Managing IBM Event Streams topics using the Kafka Admin API

When developing distributed applications in the cloud, secure and efficient communication between them is vital and challenging. In modern cloud architectures, this is usually achieved by using a messaging infrastructure. IBM Event Streams provides a fully managed enterprise messaging and event streaming service that is powered by the industry standard Apache Kafka.

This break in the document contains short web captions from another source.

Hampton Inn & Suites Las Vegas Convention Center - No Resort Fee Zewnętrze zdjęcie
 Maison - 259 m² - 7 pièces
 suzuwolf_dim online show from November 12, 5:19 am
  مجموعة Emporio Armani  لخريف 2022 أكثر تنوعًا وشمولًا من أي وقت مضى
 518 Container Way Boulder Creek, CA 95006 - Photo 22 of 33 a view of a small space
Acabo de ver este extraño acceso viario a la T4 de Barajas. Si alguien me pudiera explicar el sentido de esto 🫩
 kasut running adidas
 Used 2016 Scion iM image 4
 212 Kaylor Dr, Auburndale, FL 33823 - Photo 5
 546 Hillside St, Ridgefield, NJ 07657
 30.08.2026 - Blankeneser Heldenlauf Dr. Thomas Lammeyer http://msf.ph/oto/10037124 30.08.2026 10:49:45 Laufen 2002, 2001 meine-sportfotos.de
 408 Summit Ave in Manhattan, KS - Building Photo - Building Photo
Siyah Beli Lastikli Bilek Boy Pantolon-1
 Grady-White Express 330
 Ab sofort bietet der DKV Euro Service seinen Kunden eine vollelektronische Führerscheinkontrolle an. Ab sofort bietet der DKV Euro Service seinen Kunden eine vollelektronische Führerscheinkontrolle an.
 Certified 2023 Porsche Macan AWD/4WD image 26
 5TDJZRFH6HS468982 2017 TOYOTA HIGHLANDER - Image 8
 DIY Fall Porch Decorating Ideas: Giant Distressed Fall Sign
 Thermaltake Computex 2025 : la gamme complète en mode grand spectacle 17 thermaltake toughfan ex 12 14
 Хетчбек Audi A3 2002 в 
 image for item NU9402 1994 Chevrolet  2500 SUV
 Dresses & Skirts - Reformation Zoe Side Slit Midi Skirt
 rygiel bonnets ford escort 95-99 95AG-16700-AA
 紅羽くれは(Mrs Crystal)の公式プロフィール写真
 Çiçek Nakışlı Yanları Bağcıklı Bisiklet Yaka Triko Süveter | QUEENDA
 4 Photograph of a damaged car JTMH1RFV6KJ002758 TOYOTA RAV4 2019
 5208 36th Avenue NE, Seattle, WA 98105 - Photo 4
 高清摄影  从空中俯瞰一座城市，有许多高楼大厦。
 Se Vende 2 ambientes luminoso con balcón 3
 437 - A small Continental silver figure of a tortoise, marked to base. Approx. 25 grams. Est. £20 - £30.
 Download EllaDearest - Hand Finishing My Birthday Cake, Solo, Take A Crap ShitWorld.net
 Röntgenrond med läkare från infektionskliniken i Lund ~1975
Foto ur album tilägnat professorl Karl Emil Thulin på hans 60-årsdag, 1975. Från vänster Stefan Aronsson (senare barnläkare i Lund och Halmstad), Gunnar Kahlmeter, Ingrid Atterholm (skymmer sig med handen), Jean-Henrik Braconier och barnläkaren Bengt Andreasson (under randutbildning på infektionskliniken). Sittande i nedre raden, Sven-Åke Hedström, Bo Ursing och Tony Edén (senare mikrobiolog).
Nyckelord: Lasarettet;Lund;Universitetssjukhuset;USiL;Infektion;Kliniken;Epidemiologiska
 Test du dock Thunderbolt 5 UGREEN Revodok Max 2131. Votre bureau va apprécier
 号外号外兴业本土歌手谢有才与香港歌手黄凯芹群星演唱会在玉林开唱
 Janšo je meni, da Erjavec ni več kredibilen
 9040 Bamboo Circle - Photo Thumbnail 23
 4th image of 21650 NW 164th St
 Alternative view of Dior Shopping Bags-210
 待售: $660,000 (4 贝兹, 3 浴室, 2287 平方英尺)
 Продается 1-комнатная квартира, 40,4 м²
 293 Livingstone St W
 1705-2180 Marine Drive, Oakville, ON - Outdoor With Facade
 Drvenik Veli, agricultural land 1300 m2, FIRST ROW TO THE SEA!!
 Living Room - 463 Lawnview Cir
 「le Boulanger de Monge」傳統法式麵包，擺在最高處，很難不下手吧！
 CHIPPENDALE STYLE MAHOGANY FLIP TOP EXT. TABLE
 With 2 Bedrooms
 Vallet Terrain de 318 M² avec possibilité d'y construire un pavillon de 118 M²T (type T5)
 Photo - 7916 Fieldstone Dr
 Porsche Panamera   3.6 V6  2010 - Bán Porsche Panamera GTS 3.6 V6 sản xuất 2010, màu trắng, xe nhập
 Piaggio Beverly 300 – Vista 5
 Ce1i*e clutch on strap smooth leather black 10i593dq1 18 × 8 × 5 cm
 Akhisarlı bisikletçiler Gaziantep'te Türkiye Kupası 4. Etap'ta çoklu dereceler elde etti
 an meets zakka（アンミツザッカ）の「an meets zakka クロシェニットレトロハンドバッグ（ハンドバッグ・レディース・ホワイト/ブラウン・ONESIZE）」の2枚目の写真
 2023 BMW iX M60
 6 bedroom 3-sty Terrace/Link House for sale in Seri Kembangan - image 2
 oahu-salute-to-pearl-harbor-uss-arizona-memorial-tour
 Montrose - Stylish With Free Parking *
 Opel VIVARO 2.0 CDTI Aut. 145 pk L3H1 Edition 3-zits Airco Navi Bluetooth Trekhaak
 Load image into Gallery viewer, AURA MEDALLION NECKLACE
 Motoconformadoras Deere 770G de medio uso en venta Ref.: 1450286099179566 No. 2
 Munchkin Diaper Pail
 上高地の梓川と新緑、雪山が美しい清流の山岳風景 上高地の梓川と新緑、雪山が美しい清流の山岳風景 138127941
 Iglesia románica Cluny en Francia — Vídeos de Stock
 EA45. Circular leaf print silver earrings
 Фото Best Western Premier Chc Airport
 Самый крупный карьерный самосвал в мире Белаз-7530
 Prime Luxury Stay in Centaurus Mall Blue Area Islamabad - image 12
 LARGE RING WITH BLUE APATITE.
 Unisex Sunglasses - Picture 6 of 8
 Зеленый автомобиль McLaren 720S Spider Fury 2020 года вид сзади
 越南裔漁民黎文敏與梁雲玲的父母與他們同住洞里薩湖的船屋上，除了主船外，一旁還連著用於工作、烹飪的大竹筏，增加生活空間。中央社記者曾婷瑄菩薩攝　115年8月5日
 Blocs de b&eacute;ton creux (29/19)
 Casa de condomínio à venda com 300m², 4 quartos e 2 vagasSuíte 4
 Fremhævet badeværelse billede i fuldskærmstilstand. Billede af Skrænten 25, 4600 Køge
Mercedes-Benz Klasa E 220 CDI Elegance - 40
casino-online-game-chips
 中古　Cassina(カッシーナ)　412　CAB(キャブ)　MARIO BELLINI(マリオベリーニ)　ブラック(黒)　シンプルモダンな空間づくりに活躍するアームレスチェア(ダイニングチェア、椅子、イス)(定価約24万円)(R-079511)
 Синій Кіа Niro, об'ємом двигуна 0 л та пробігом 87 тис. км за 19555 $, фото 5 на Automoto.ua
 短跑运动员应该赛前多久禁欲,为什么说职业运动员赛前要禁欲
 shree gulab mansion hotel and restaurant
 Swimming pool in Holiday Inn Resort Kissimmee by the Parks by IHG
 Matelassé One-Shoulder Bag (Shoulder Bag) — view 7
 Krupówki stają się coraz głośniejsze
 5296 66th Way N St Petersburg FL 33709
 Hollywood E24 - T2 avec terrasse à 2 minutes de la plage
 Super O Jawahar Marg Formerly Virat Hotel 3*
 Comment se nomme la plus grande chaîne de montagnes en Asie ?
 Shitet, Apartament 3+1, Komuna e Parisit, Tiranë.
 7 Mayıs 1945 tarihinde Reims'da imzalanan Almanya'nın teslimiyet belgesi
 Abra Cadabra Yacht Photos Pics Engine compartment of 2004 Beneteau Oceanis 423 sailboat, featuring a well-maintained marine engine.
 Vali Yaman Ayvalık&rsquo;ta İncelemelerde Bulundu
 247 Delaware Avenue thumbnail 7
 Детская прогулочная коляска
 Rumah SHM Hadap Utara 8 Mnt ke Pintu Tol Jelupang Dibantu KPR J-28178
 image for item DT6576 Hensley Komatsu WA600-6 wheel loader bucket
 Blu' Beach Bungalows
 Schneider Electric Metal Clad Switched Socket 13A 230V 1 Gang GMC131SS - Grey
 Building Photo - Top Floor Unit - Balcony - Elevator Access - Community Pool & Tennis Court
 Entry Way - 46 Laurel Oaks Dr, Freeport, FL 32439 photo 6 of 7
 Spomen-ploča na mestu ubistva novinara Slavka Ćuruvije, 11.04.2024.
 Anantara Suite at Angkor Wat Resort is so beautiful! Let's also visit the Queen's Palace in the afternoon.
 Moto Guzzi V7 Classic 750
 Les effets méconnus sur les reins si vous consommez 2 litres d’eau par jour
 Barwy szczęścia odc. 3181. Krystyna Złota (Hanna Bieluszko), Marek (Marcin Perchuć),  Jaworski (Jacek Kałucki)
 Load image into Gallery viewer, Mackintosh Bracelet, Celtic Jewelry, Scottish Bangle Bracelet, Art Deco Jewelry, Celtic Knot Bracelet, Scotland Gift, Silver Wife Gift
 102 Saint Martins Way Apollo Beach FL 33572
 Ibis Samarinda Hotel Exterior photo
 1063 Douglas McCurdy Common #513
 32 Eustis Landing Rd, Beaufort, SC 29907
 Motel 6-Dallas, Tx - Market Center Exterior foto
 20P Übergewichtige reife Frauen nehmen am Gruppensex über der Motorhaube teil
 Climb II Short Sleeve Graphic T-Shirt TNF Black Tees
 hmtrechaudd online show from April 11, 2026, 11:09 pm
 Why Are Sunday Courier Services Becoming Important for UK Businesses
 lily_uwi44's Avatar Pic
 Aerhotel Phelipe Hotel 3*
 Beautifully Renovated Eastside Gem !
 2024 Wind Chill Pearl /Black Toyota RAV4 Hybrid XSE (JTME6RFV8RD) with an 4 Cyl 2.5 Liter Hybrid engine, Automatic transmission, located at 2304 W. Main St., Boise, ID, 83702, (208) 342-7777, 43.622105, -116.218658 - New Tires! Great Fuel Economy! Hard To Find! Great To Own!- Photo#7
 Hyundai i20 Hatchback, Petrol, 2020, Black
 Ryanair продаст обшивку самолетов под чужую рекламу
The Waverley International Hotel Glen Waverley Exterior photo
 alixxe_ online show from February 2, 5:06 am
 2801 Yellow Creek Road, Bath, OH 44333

Before we go any further, let’s first describe what a broker and topic are. Brokers and topics are the core concepts of Kafka and will be mentioned throughout this tutorial. Kafka runs on a cluster of one or more servers which are called brokers. The Kafka broker is responsible for receiving messages from producing applications and writing them onto the disk as well as fetching and sending those messages to the consuming applications. The stream of messages are stored in categories called topics and messages in a single topic are distributed across brokers in a cluster. That’s enough for now, but you can learn more about the concept of topics by reading the Kafka documentation.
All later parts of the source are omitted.